* Task directions: Write out the listing below exactly, and omit any images you find in it.

* Dataset section:

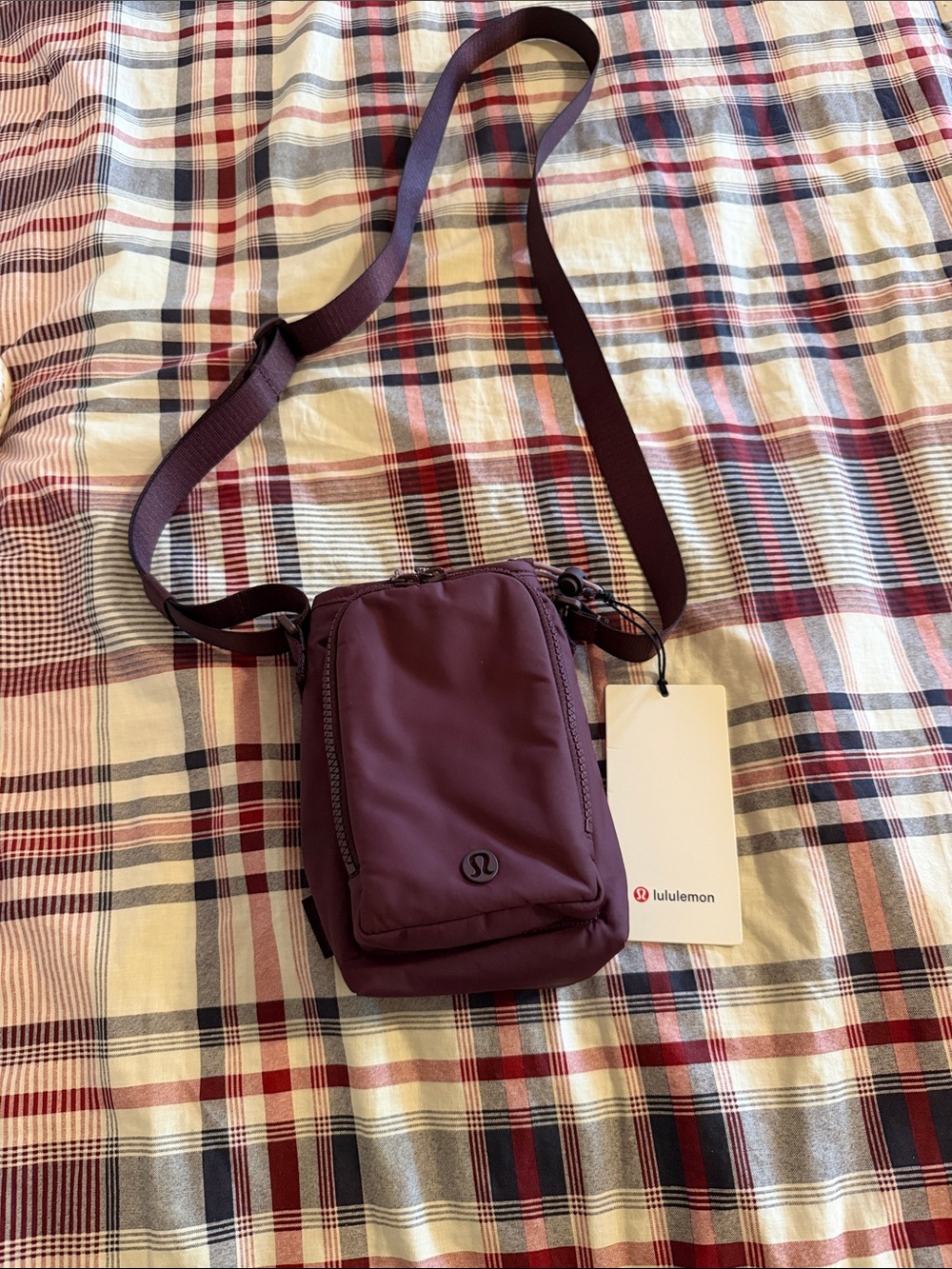 NWT lululemon  Small Crossbody Water bottle Bag in Deep Plum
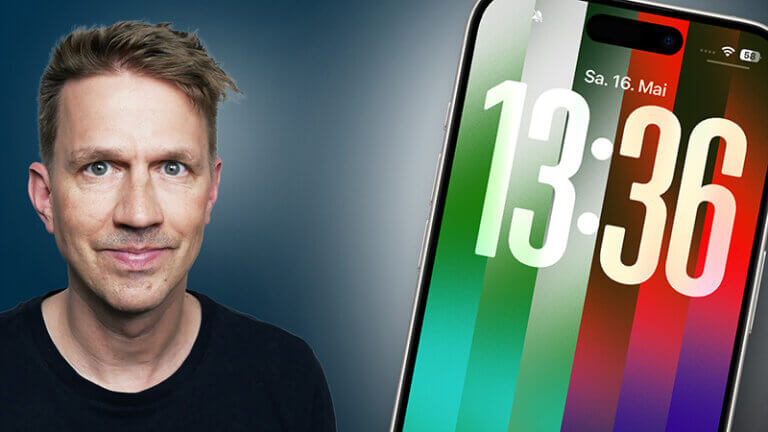David Neumann vor einem Smartphone-Display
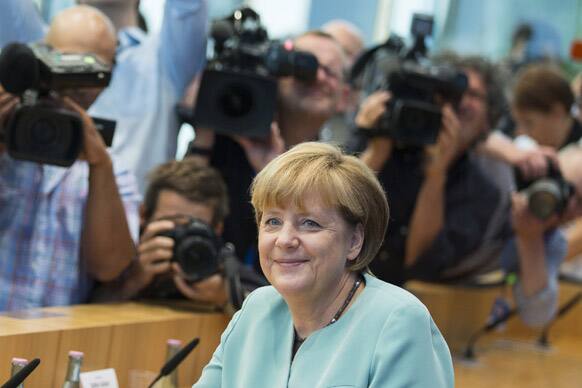 German Chancellor Angela Merkel is surrounded by photographers and television crews at the beginning of a press conference in Berlin, Germany.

* Exercise answer:
 NWT lululemon  Small Crossbody Water bottle Bag in Deep Plum
David Neumann vor einem Smartphone-Display
 German Chancellor Angela Merkel is surrounded by photographers and television crews at the beginning of a press conference in Berlin, Germany.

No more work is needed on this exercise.